Un sacrilegio, dice el diccionario, es la “lesión o profanación de cosa, persona o lugar sagrados”. Y señala también que la profanación, implica “deshonrar, prostituir, hacer uso indigno de cosas respetables”. Para mayor injuria y agravio, el acto sacrílego se cometió en la Nochebuena; entonces, hace 21 siglos, los ángeles cantaron en Belén: “Gloria a Dios en el cielo y en la tierra paz a los hombres en los que Él se complace” (Lc 2, 14) ¿Cabe mayor prostitución y vilipendio que asaltar en Nochebuena un Sagrario, y arrojar a Dios por el suelo, oculto en unos fragmentos de materia que fueron pan y, por amor a nosotros, todo Él ─Dios y hombre─ se hizo ahí presente, al pronunciar las palabras: Tomad y comed, esto es mi Cuerpo?” (Mt 26, 26) De modo “sacramental”, sí, pero tan real y sustancialmente presente en la Eucaristía, como lo estuvo en Belén, más tarde en Nazaret, en el Calvario y, ahora también, en el Cielo. Me ha sorprendido, en verdad, que este hecho sacrílego de la Nochebuena, no haya saltado a la prensa y redes sociales hasta hoy martes.

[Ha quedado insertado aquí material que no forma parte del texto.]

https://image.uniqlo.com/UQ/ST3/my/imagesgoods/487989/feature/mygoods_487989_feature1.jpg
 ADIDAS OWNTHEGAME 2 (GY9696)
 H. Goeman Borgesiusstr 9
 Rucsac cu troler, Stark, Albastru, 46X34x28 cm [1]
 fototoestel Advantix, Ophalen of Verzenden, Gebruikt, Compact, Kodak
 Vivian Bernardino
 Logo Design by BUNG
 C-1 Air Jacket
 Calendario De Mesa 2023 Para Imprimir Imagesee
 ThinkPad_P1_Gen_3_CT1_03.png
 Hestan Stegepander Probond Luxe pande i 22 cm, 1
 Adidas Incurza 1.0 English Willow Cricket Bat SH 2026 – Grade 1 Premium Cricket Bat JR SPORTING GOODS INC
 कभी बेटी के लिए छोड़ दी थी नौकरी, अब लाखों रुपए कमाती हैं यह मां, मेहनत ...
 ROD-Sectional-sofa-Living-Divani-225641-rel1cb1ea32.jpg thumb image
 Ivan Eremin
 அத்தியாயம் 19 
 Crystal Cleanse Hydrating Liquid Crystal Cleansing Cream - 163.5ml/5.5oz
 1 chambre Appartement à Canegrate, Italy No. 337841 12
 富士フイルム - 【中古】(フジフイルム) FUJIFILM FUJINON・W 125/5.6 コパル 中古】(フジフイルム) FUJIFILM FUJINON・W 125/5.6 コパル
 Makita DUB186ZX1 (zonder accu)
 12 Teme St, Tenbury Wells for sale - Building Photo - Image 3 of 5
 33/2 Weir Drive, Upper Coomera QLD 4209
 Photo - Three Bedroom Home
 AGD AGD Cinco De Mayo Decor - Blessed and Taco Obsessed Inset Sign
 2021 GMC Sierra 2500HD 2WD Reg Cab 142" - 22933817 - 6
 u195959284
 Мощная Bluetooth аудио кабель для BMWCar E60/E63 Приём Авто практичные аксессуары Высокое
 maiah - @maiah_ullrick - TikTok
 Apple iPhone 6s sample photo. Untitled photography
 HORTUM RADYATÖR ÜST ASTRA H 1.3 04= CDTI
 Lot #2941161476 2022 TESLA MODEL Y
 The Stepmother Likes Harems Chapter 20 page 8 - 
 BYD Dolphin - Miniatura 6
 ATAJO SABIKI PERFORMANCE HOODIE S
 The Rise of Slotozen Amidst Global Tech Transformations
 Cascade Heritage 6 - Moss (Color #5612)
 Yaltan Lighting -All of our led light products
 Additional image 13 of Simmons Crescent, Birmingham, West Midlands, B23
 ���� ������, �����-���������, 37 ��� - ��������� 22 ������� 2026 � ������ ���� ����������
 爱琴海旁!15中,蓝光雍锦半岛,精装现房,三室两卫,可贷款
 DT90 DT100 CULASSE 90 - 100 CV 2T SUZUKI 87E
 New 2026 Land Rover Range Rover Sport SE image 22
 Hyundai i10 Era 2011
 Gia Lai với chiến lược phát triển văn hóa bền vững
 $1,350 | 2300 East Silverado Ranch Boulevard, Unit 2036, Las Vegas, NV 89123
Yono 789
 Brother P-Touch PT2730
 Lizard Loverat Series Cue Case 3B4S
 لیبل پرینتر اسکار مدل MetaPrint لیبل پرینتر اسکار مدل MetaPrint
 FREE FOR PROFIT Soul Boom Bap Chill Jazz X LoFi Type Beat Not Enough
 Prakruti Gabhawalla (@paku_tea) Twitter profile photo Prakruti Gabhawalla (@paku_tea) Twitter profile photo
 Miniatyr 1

Después del dolor por el Dios-vilipendiado, mi pensamiento ha ido a quienes lo han injuriado de ese modo. Quiero pensar con todas mis fuerzas que, por falta de fe, ignoran la horrenda afrenta realizada. Pero sí pienso que los demonios sí lo sabían, porque ellos creen, como bien dice el apóstol Santiago (cf St 2, 19) y, a poco que se piense, han estado detrás de esta profanación indudablemente diabólica. Para mayor injuria, además, perpetrada precisamente en Nochebuena, como queriendo acallar el “Gloria a Dios en el cielo” de los Ángeles en Belén, con un eco diabólico que sonaría así: “Odio a Dios en la tierra y a todos los hombres que Él ama”, y corroborarlo con un ataque directo al mismo Dios.
Hace años leí en Cartas del diablo a su sobrino, de C. S. Lewis, unas palabras que vienen hoy como anillo al dedo. Imagina Lewis una discusión entre los demonios, porque no pueden comprender que “el Enemigo” ─como ellos llaman a Dios─ nos ame a nosotros, “a los gusanos humanos”, hasta el extremo de hacerse hombre y morir en la Cruz. Este amor de Dios por nosotros, ciertamente conocido por Lucifer y sus secuaces diabólicos, supone para ellos el misterio de los misterios. Piensan ─continúa Lewis─ que debe haber algún truco, y dicen: “Lo estamos investigando desde el día en que “nuestro Padre” (así llaman a Lucifer) se alejó de él; aún no lo hemos descubierto, pero un día llegaremos”. Y ahora, mientras llega ese día que dicen los diablos, suscitan todo su odio contra Dios, “su Enemigo”: así lo hace pensar este episodio sacrílego de Nochebuena.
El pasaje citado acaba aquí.